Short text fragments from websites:
======
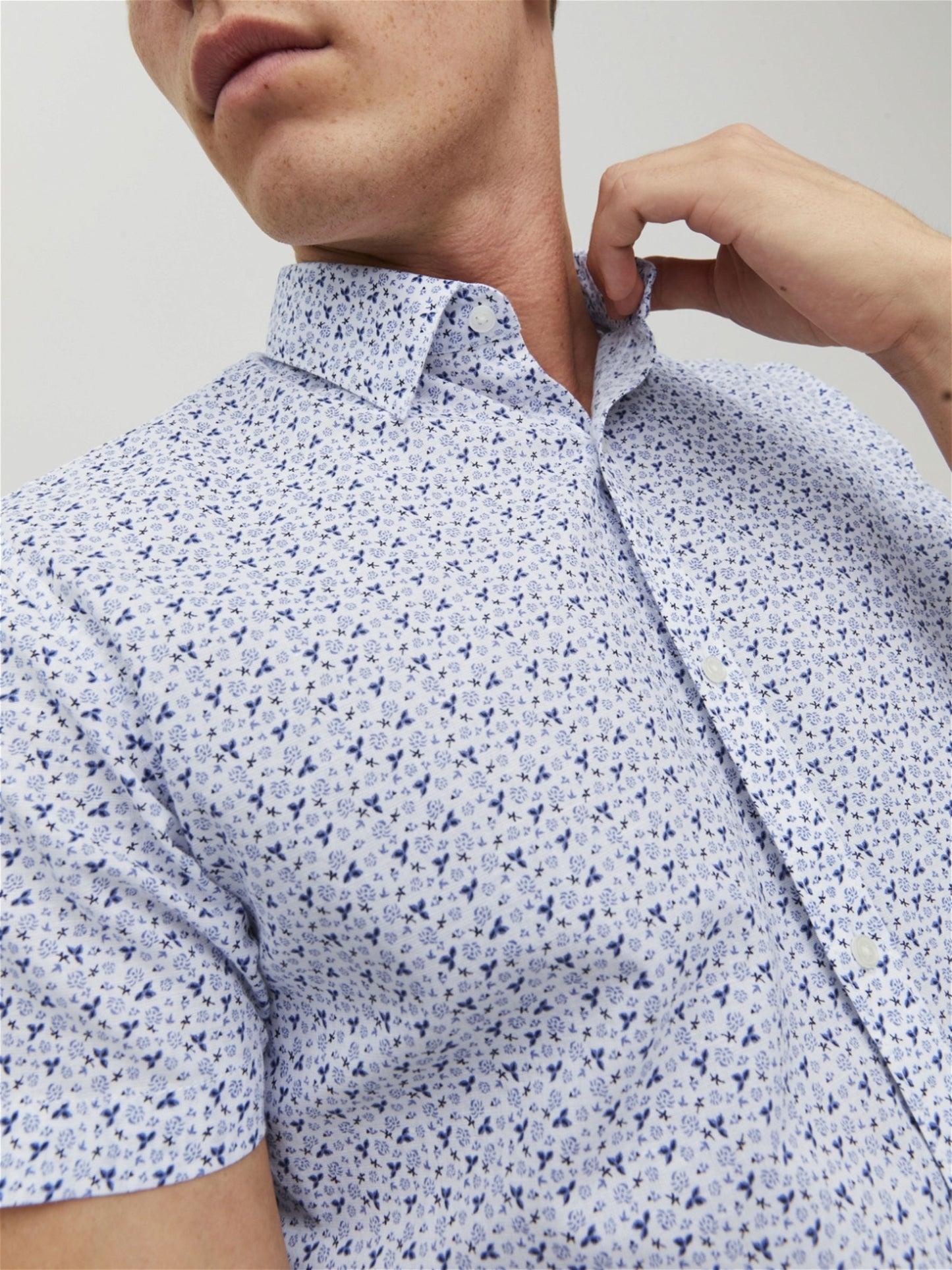 BLASUMMER PRINT SHIRT SS - BEST CLOTHES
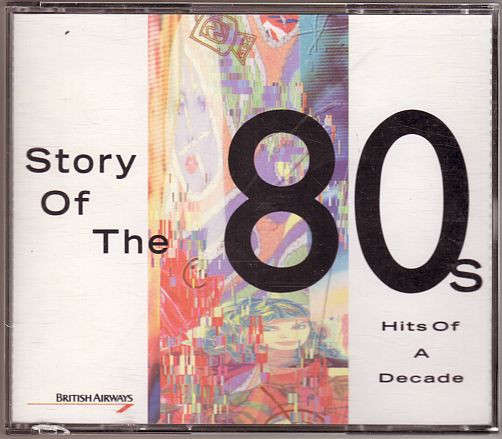 Various  Story of the 80s - Hits of a Decade Double CD Import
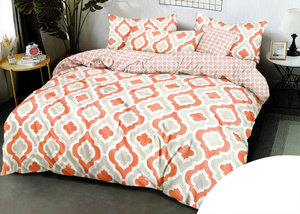 Bedding 160 x 200 4pc Satin Dalwin 808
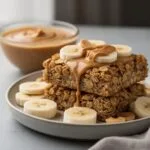 Easy Peanut Butter Baked Oatmeal recipe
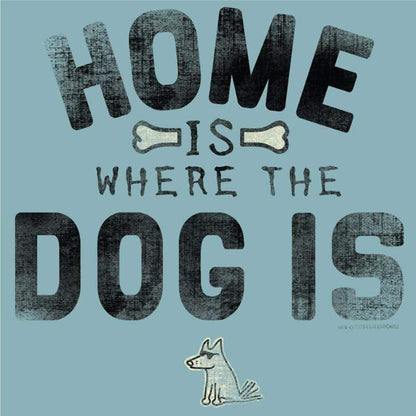 Teddy the Dog&trade; Home is Where the Dog Is T-Shirt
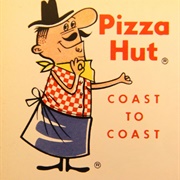Pizza Hut Original Logo (1969)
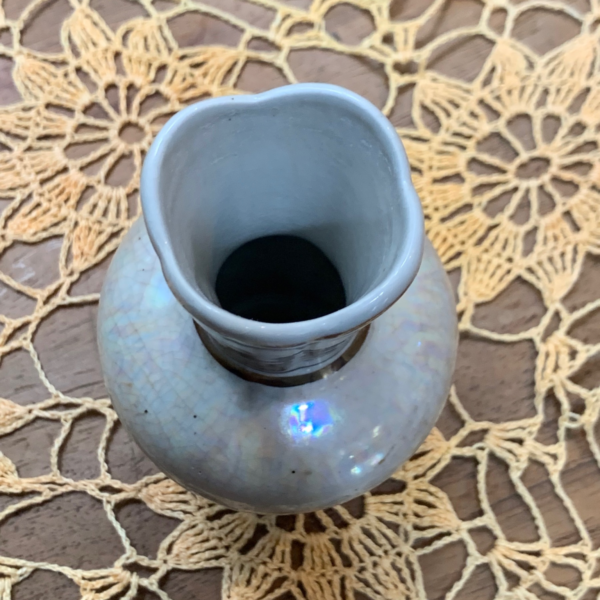 Vasinho em porcelana craquelada - Imagem 3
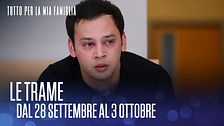Le trame dal 28 settembre al 3 ottobre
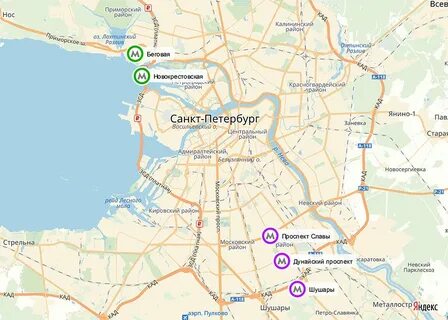 231 на карте спб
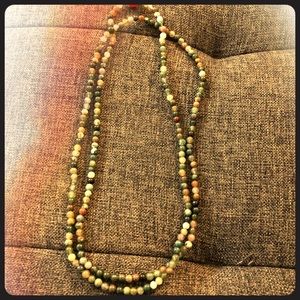 Doubles as a necklace or a bracelet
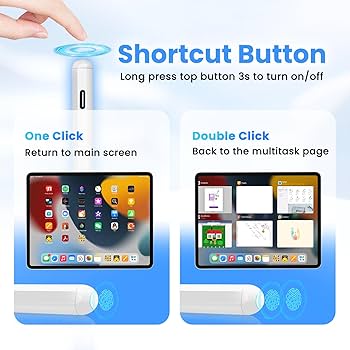 Amazon.com: Apple Pencil iPad 10th/9th Generation, Pencil for iPad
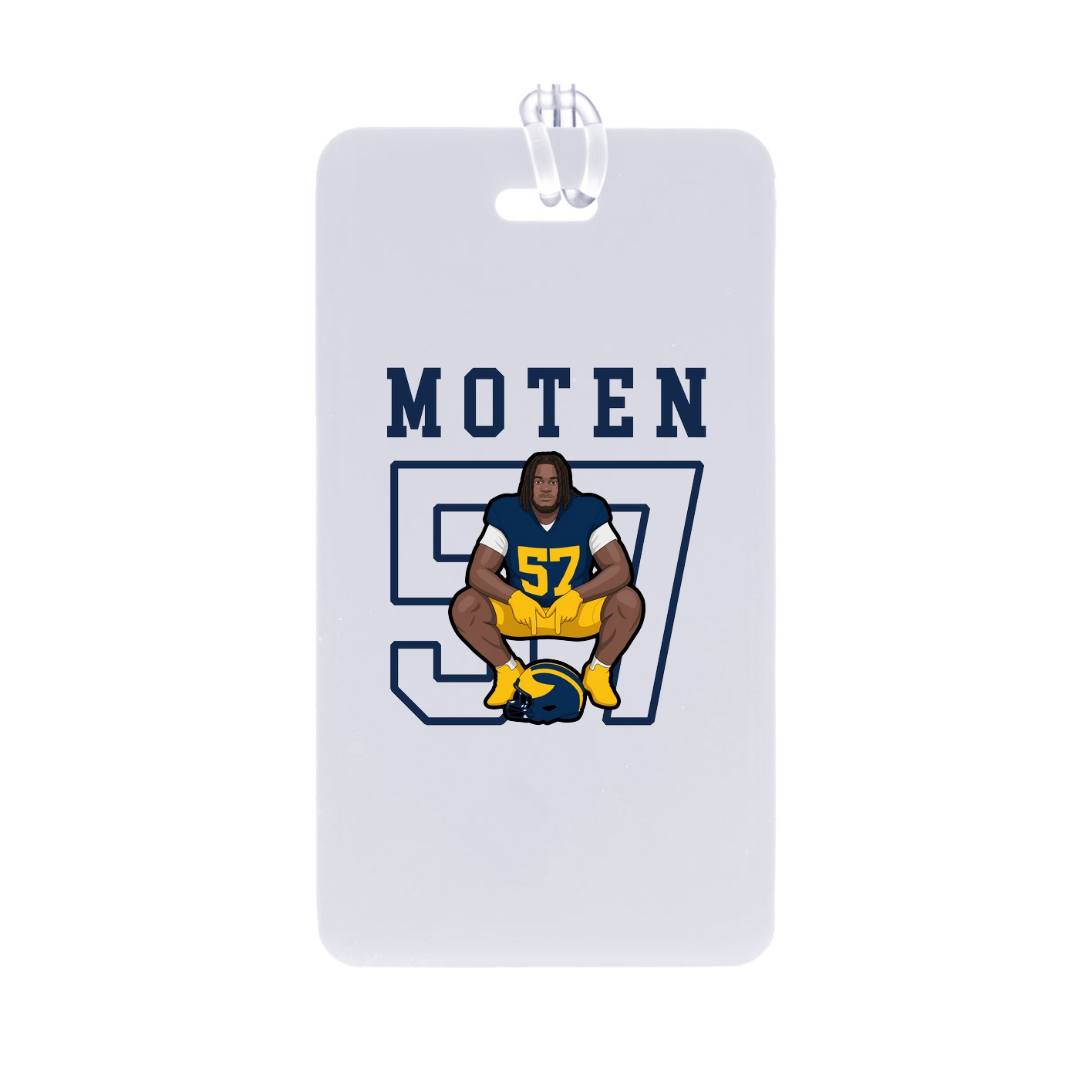 Bag Tag — Shirsey in Classic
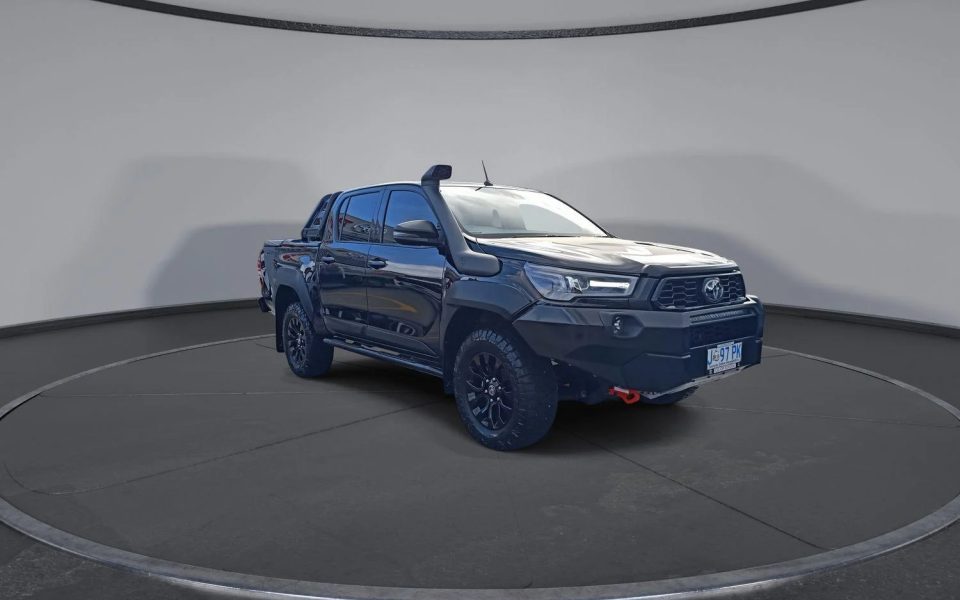 2021 Toyota Hilux Rugged X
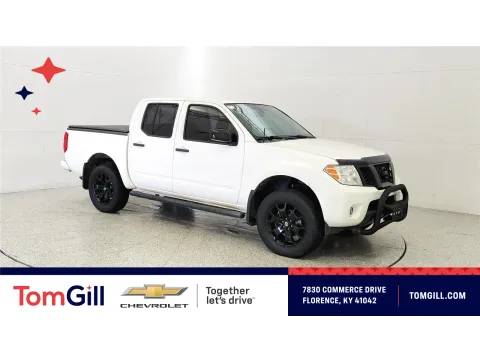 White 2021 Nissan Frontier SV for sale in Florence, KY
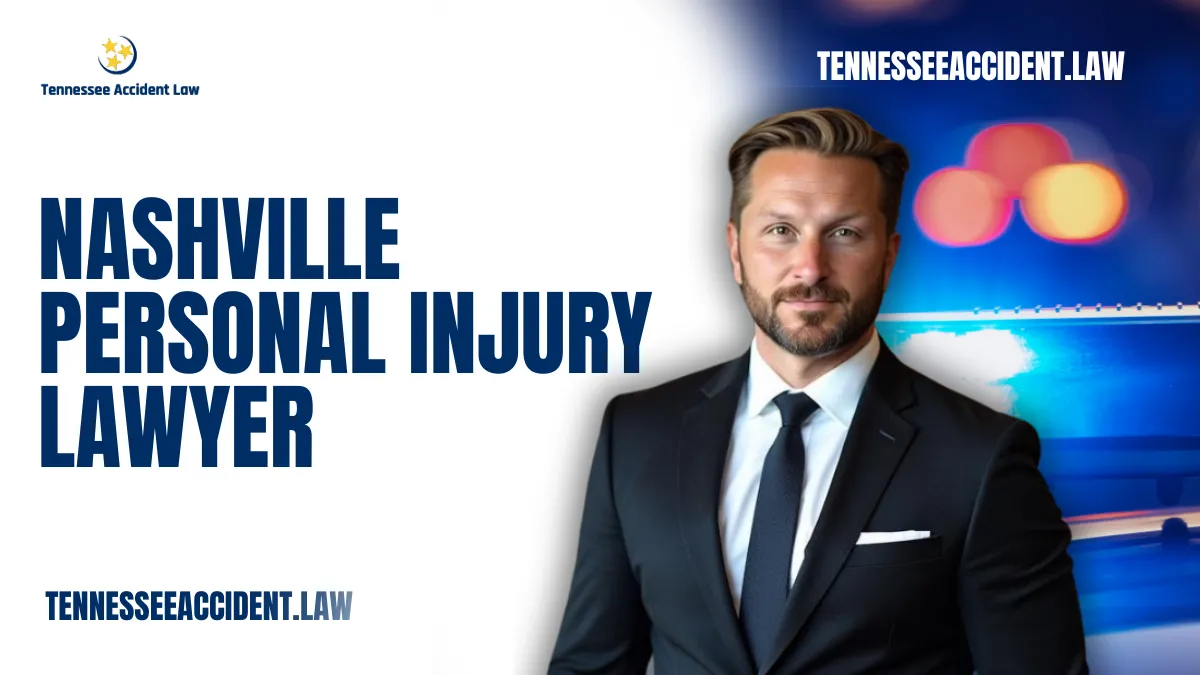 At Tennessee Accident Law, we know how a serious accident can change your life in an instant. If you or a loved one has been injured due to someone else’s negligence, you deserve more than sympathy — you deserve justice, compensation, and experienced legal support from a trusted Nashville personal injury lawyer.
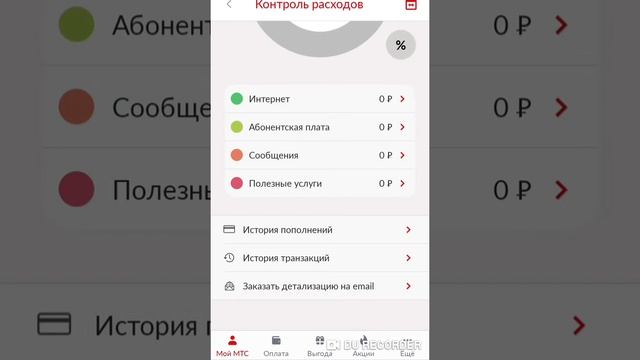 Детализация МТС - Как узнать расходы на МТС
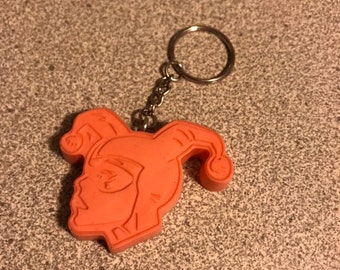 Harley Quinn keychain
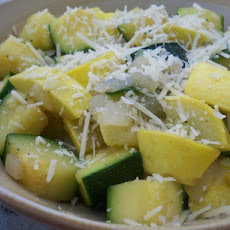 Simple Skillet Zucchini Squash
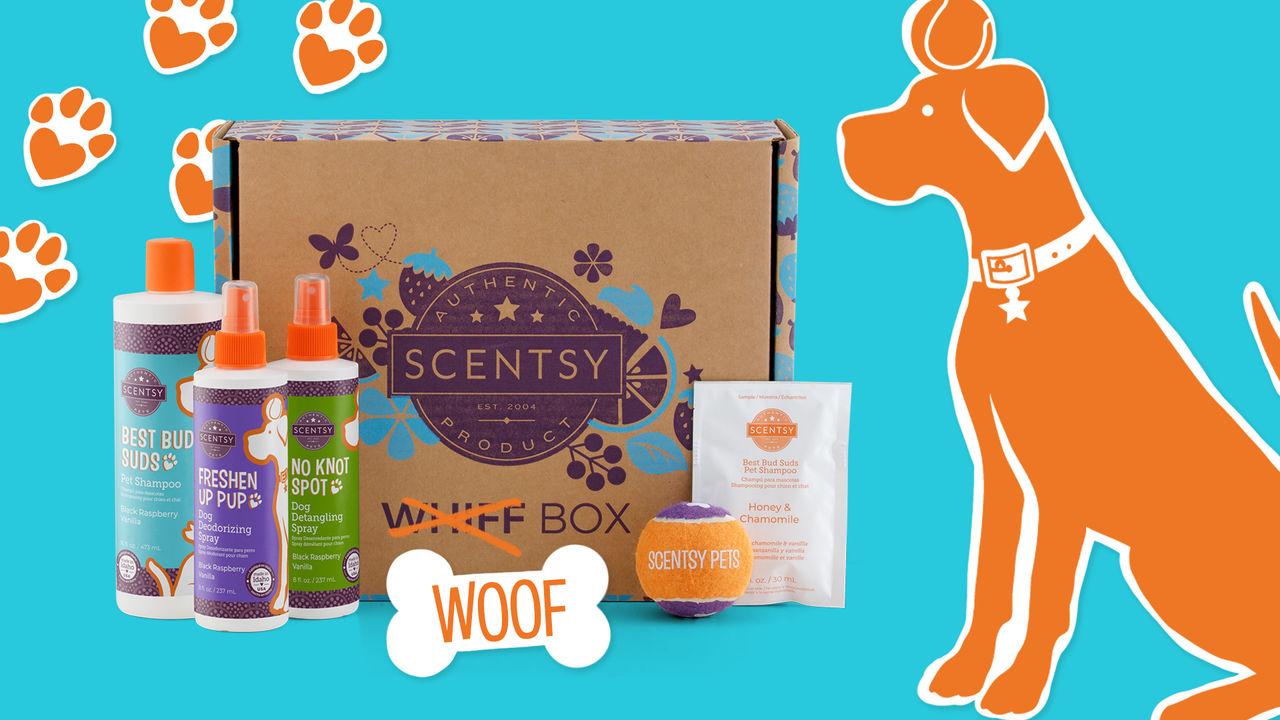 scentsy woof box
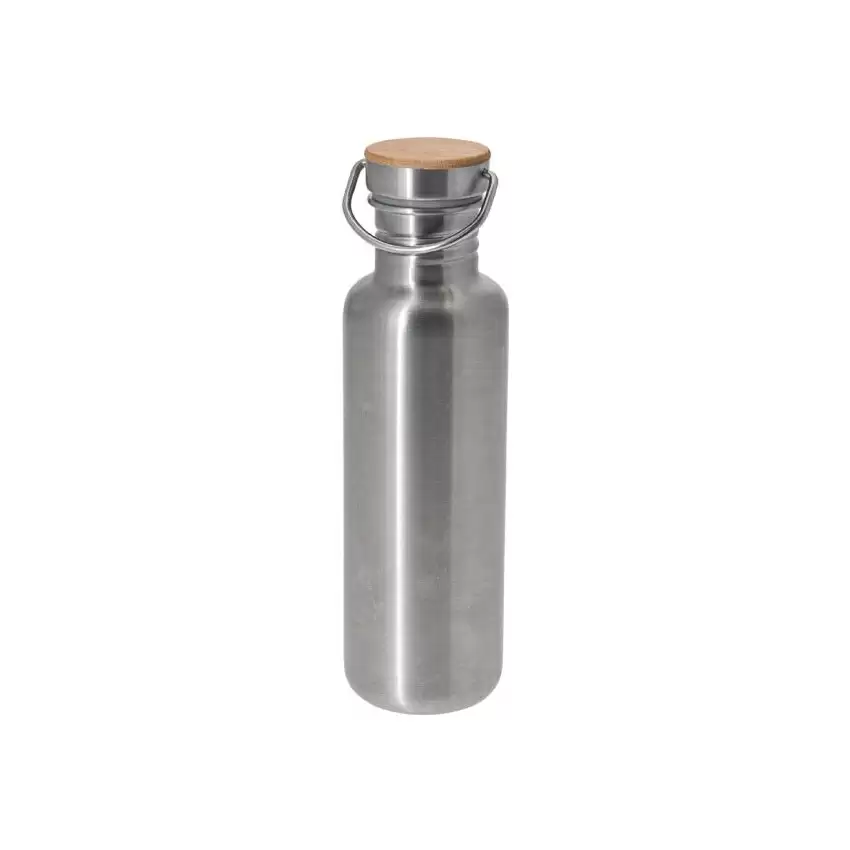 Botella de agua de aluminio 750cc grifo de corcho - image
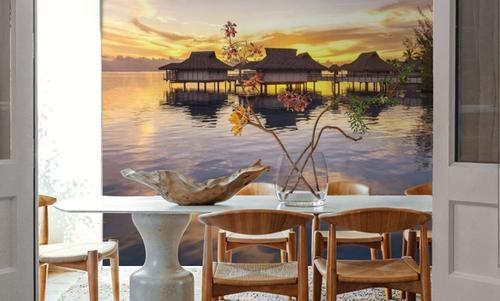 Bungalow Sunset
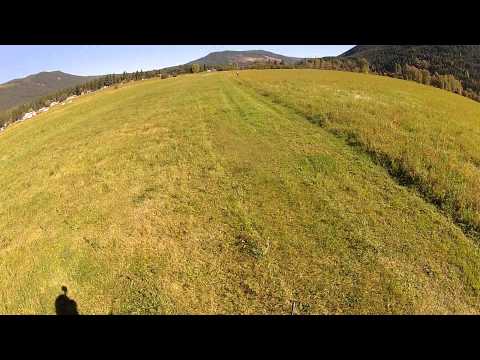 Paraglider Towing training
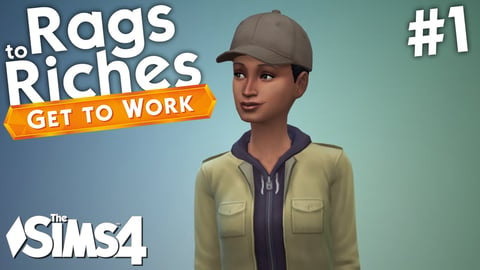 The Sims 4 Get To Work - Rags to Riches - Part 1 thumbnail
======
PROBLEM TO WORK ON: Set down all of the data word for word; no pictures belong in it.

SOLUTION TO THIS TASK:
 BLASUMMER PRINT SHIRT SS - BEST CLOTHES
 Various  Story of the 80s - Hits of a Decade Double CD Import
 Bedding 160 x 200 4pc Satin Dalwin 808
 Easy Peanut Butter Baked Oatmeal recipe
 Teddy the Dog&trade; Home is Where the Dog Is T-Shirt
Pizza Hut Original Logo (1969)
 Vasinho em porcelana craquelada - Imagem 3
Le trame dal 28 settembre al 3 ottobre
 231 на карте спб
 Doubles as a necklace or a bracelet
 Amazon.com: Apple Pencil iPad 10th/9th Generation, Pencil for iPad
 Bag Tag — Shirsey in Classic
 2021 Toyota Hilux Rugged X
 White 2021 Nissan Frontier SV for sale in Florence, KY
 At Tennessee Accident Law, we know how a serious accident can change your life in an instant. If you or a loved one has been injured due to someone else’s negligence, you deserve more than sympathy — you deserve justice, compensation, and experienced legal support from a trusted Nashville personal injury lawyer.
 Детализация МТС - Как узнать расходы на МТС
 Harley Quinn keychain
 Simple Skillet Zucchini Squash
 scentsy woof box
 Botella de agua de aluminio 750cc grifo de corcho - image
 Bungalow Sunset
 Paraglider Towing training
 The Sims 4 Get To Work - Rags to Riches - Part 1 thumbnail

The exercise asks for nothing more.